A drop in gold prices internationally as well as domestically is making gold a lucrative proposition for buyers. If you are planning a trip to India and wish to carry gold along with you then you must in keep in mind the conditions laid down by the Government of India. Take a quick look into the 5 important conditions for bringing jewelry as well as importing gold as baggage before you visit India. Check gold rates in your city here
Rs 50,000 for male and Rs. 1 lakh for female passenger
An Indian male passenger is allowed to bring duty free jewellery worth Rs. 50,000 and in case of female passenger the limit is Rs. 1 lakh. The passenger has to reside abroad for a period of more than a year. Gold jewellery carried over this limit is subject to customs duty.
Weight limit capped at 1Kg/person
You can import gold bars and coins up to the limit of 1 Kg per passenger after you pay the customs duty. Any passenger of Indian origin or a passenger having valid passport can import gold as baggage. The visit from abroad can be made after six months but duration of staying in India should be more than 30 days.
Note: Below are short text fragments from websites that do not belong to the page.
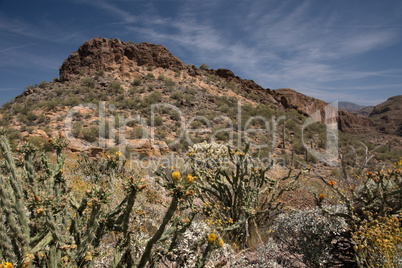 Theodore Roosevelt Lake, Arizona, USA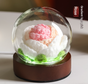 Gradient Light Pink Rose Knitted Flower LED Dome Lamp - USB Touch 3-Color Night Light V888-ELOSUNG28108
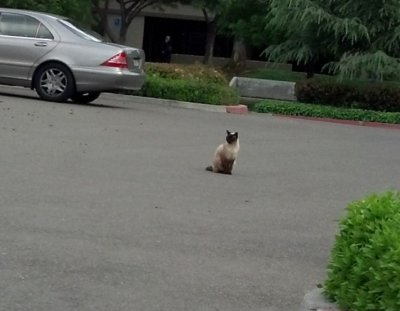 this cat mocks me on occassion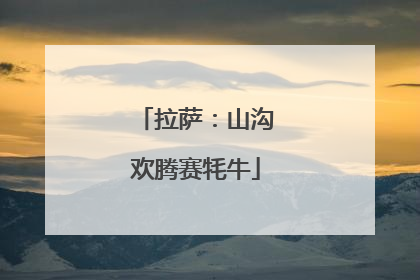 拉萨：山沟欢腾赛牦牛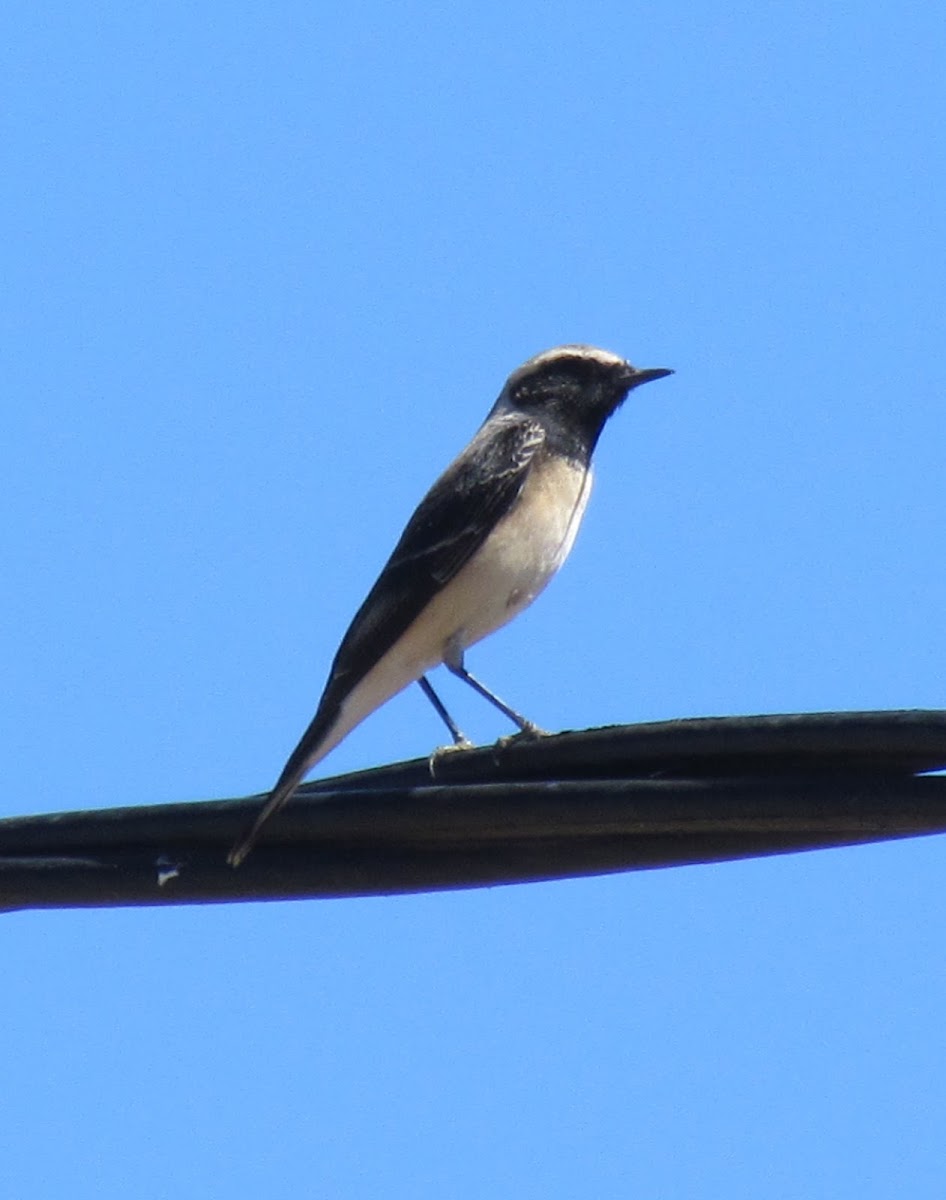 Pied Wheatear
Gold bars should have certain mandatory inscriptions
In case, you bring gold bars home from abroad you should remember that the bars should bear serial number, weight and manufacturer's name.
Pay custom duty for importing gold
If you bring gold bars or coins you have to pay customs duty at six percent ad valorem tax plus three percent as cess. If you bring tola bars and ornaments then the customs duty needs to be paid at 10 per cent ad valorem tax plus 3 per cent as cess. Ornaments studed with gold and pearls are excluded.
Walk the Right Channel
You have to declare the gold on arrival in India and pay the duty. In case, you are bringing home gold jewelery in excess of your duty free limit then you must not use the green channel meant for passengers not having any dutiable products. Instead walk through the red channel as you have dutiable goods. Quantities carried in excess of this limit are seized and the person is prosecuted under Customs Act 1962.